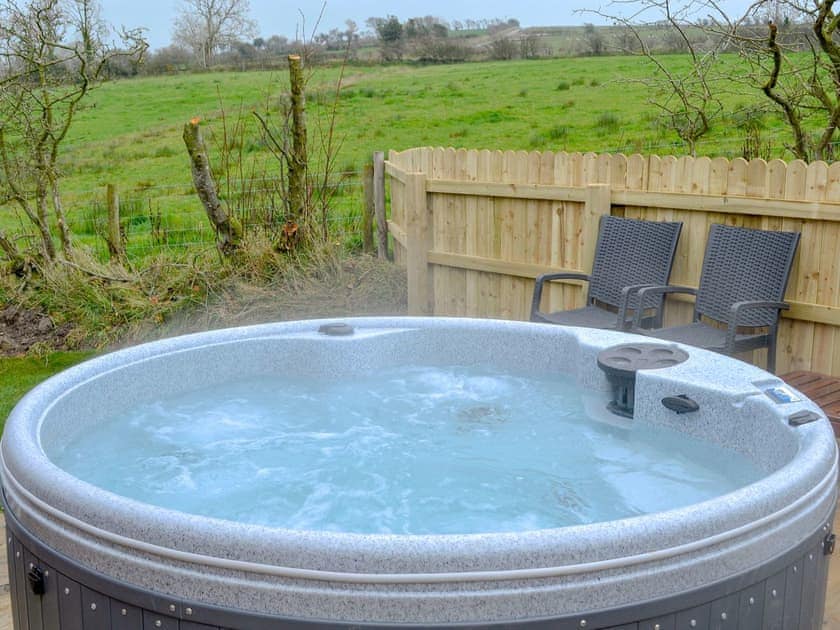Relaxing private hot tub | Skylark Lodge - Wallace Lane Farm Cottages, Brocklebank, near Caldbeck and Uldale
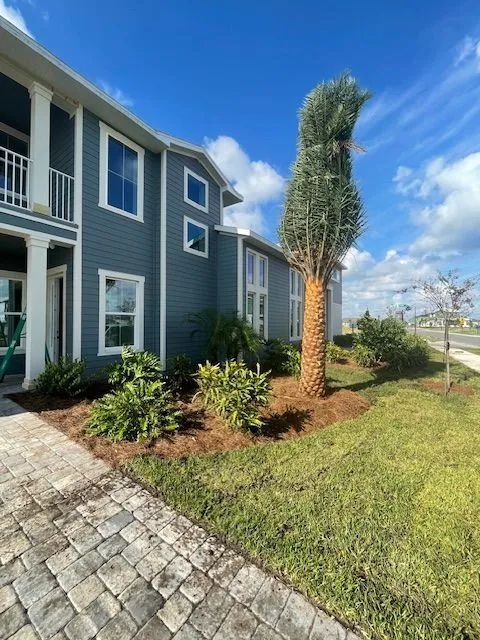 Blue building with landscaping, a palm tree, and a brick walkway under a blue sky.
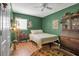 Well decorated bedroom with hardwood floors, vintage furniture, and ambient lighting at 951 Varet Rd, Venice, FL 34293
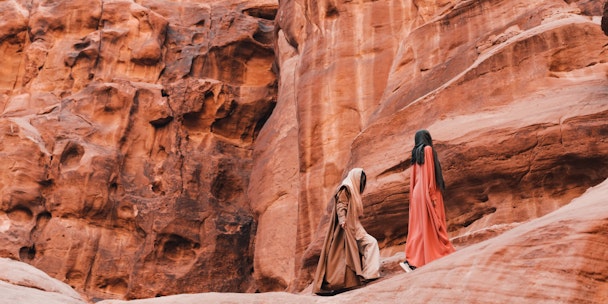Two people hiking across a mountain Two people hiking across a mountain
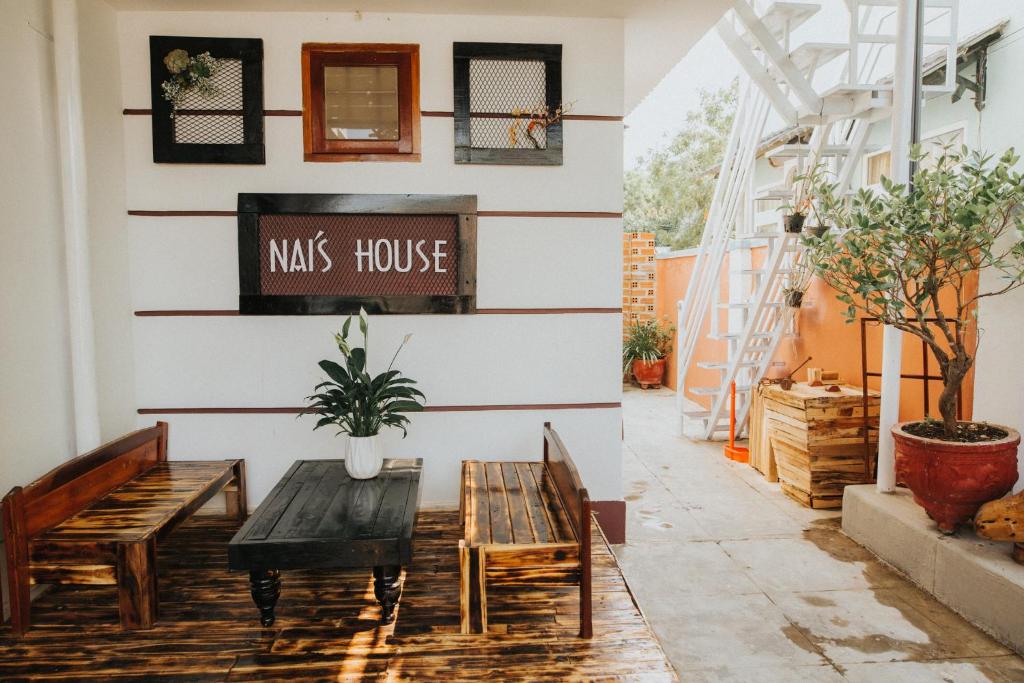 un patio con bancos y un cartel de la casa de los micrófonos en la pared en Nai's house - Homestay, en Thanh Hải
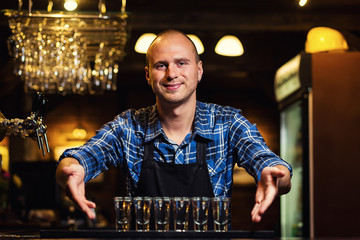 Barman at work,Barman pouring hard spirit into glasses in detail,Bartender is pouring tequila into...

☆ ☆ ☆ ☆ ☆ ☆ ☆

### Task statement:
Return, exactly as they stand, all of the lines above, but not the pictures.

### Answer to the exercise:
Relaxing private hot tub | Skylark Lodge - Wallace Lane Farm Cottages, Brocklebank, near Caldbeck and Uldale
 Blue building with landscaping, a palm tree, and a brick walkway under a blue sky.
 Well decorated bedroom with hardwood floors, vintage furniture, and ambient lighting at 951 Varet Rd, Venice, FL 34293
Two people hiking across a mountain Two people hiking across a mountain
 un patio con bancos y un cartel de la casa de los micrófonos en la pared en Nai's house - Homestay, en Thanh Hải
 Barman at work,Barman pouring hard spirit into glasses in detail,Bartender is pouring tequila into...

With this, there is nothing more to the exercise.